5. Regime jurídico de licitações e contratações das empresas estatais
Extrai-se de julgado do Tribunal de Contas da União um histórico referente à legislação aplicável às licitações e contratações das empresas estatais. Assim:
Em primeiro lugar, relembrando a legislação pertinente às estatais no tocante aos procedimentos licitatórios, tinha-se o então vigente Decreto-lei nº 2.300/1986, que, ao estabelecer a submissão a seus ditames pela administração centralizada e autárquica, deixou expresso que as empresas estatais poderiam editar regulamentos próprios, desde que respeitados os princípios básicos da licitação (art. 86).
A flexibilidade ali permitida foi alterada, no entanto, quando do advento da Constituição de 1988, que, em seu art. 37 (redação original), inciso XXI, impôs de forma genérica às entidades da administração indireta observância às normas legais sobre licitação. Ao mesmo tempo, sujeitou a empresa pública, a sociedade de economia mista e outras entidades que explorem atividade econômica ao regime jurídico próprio das empresas privadas (art. 173, § 1º, na redação original).
Com a edição da Lei nº 8.666/1993, definiu-se que as disposições ali contidas alcançariam as empresas estatais e, nessa conformidade, seus regulamentos deveriam estar, portanto, compatíveis com o texto legal (artigos 118 e 119).
Posteriormente, mediante a Emenda Constitucional nº 19/1998, o § 1º do art. 173 passou a ter a seguinte redação:
Art. 173....................................................................................
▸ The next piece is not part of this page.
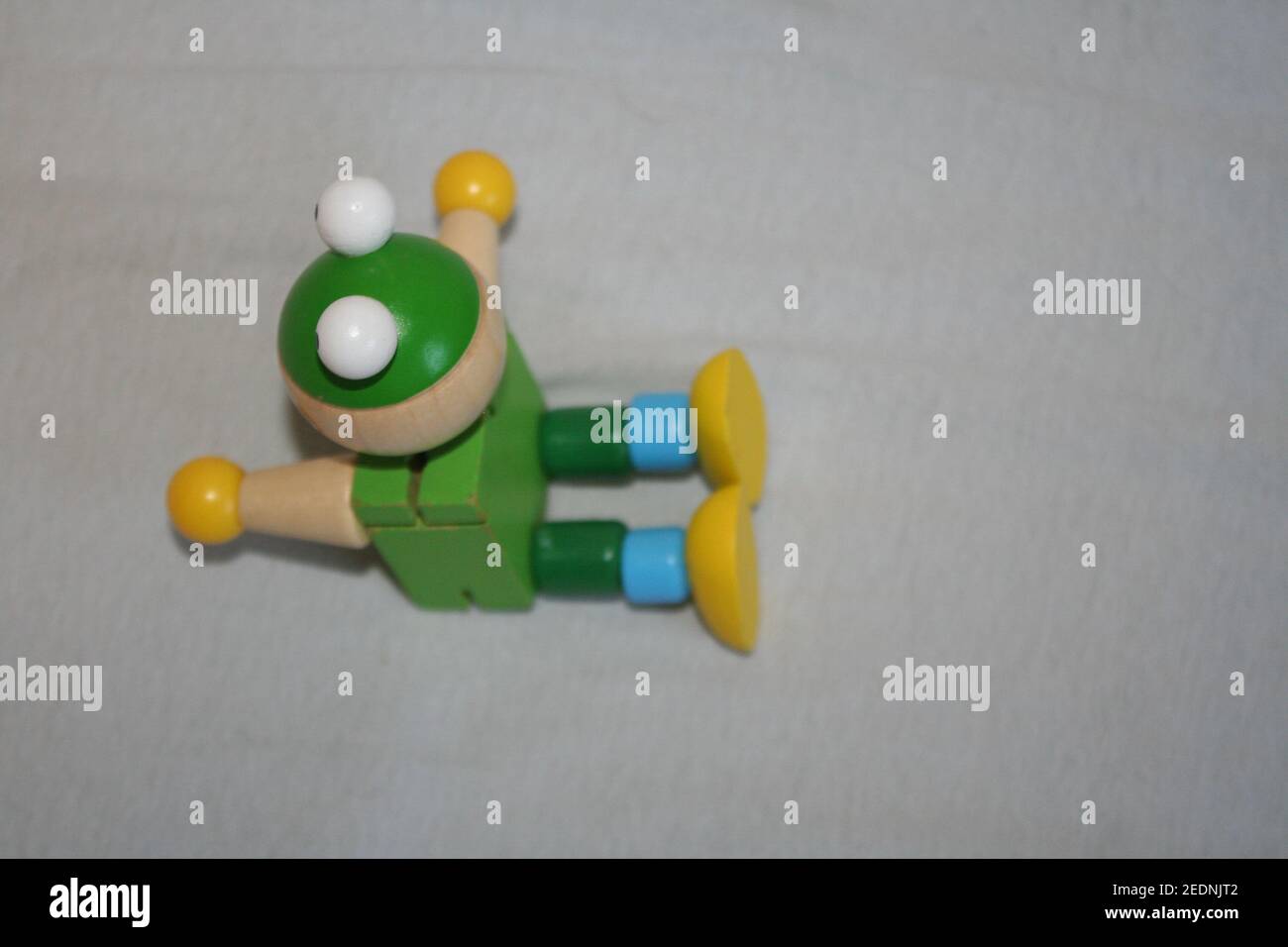 Dool unisex hi-res stock photography and images - Alamy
§ 1º A lei estabelecerá o estatuto jurídico da empresa pública, da sociedade de economia mista e de suas subsidiárias que explorem atividade econômica de produção ou comercialização de bens ou de prestação de serviços, dispondo sobre:
...................................................................................................
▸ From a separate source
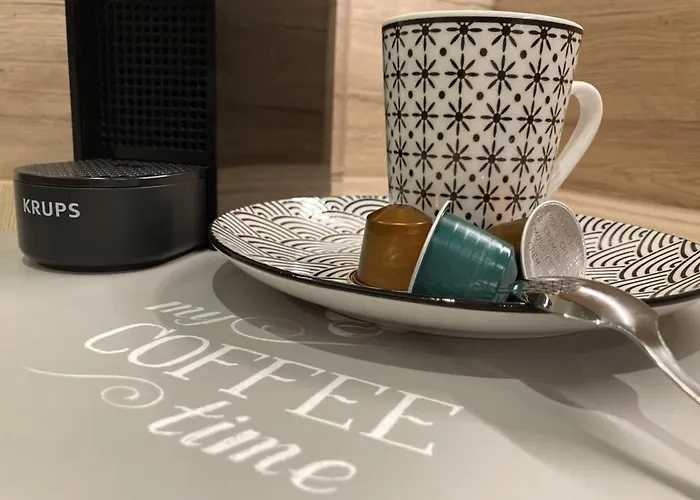 Mary's Am Kreischberg * Sankt Lorenzen ob Murau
III - licitação e contratação de obras, serviços, compras e alienações, observados os princípios da administração pública. (Acórdão nº 624/2003 – Plenário, Rel. Min. Guilherme Palmeira, Processo nº 000.214/1997-3).
Dezoito anos após a publicação da Emenda Constitucional nº 19, de 1998, em cumprimento ao disposto no art. 22, inciso XXVII, da Constituição Federal sobreveio a Lei nº 13.303 por aquela prometida, dispondo sobre o estatuto jurídico das empresas públicas, sociedades de economia mista e suas subsidiárias, no âmbito da União, dos Estados, do Distrito Federal e dos Municípios, impulsionada, sobretudo, pelos escândalos de corrupção envolvendo licitações e contratações realizadas por algumas dessas entidades.
O Título II da Lei nº 13.303/2016 dispõe sobre as licitações e contratações das empresas estatais, contudo, não concebe um sistema inovador. Ao contrário, a chamada Lei das Estatais incorpora procedimentos previstos na Lei nº 12.462/2011, a qual dispõe sobre o regime diferenciado de contratações públicas – RDC, na Lei nº 10.520/2002, instituidora da modalidade de licitação denominada pregão, e na Lei nº 8.666/1993, que estabelece normas gerais sobre licitações e contratações administrativas. O novo estatuto contempla, pois, ordens normativas já experimentadas e concêntricas, ou seja, sob o ponto de vista jurídico coexistem um regime especial, o da Lei nº 12.462/2011, um geral, o da Lei nº 8.666/1993, e o procedimento do pregão, da Lei nº 10.520/2002, a disciplinar as licitações e contratações dessas entidades.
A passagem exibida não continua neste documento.